## WORK REQUIRED
Repeat, exactly as written, the line containing "Sezane Red Gold" and each line after it through the end of the data.

[Scraped caption text data]
========================================

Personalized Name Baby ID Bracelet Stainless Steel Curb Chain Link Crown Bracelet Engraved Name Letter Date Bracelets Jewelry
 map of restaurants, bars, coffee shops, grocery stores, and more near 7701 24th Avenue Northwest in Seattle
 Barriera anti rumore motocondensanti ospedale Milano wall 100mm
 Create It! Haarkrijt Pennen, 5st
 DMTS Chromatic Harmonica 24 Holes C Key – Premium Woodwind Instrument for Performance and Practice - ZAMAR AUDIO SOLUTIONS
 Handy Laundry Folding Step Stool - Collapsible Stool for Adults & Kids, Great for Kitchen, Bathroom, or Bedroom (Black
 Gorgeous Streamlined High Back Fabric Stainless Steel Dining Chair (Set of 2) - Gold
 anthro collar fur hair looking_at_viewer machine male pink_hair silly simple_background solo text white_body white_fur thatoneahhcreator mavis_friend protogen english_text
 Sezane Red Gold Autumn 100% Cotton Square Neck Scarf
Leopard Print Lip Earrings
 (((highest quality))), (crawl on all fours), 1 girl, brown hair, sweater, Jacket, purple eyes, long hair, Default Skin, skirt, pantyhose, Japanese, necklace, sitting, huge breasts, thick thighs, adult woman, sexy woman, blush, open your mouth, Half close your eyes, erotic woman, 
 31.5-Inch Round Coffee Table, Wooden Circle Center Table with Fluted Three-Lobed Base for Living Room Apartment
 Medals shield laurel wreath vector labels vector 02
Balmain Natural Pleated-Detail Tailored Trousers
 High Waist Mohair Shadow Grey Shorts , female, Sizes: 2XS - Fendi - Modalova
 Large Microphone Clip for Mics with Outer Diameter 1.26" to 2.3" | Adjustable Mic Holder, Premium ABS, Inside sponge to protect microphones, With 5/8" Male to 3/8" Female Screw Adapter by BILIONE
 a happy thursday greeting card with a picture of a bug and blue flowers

========================================

## TASK ANSWER
 Sezane Red Gold Autumn 100% Cotton Square Neck Scarf
Leopard Print Lip Earrings
 (((highest quality))), (crawl on all fours), 1 girl, brown hair, sweater, Jacket, purple eyes, long hair, Default Skin, skirt, pantyhose, Japanese, necklace, sitting, huge breasts, thick thighs, adult woman, sexy woman, blush, open your mouth, Half close your eyes, erotic woman, 
 31.5-Inch Round Coffee Table, Wooden Circle Center Table with Fluted Three-Lobed Base for Living Room Apartment
 Medals shield laurel wreath vector labels vector 02
Balmain Natural Pleated-Detail Tailored Trousers
 High Waist Mohair Shadow Grey Shorts , female, Sizes: 2XS - Fendi - Modalova
 Large Microphone Clip for Mics with Outer Diameter 1.26" to 2.3" | Adjustable Mic Holder, Premium ABS, Inside sponge to protect microphones, With 5/8" Male to 3/8" Female Screw Adapter by BILIONE
 a happy thursday greeting card with a picture of a bug and blue flowers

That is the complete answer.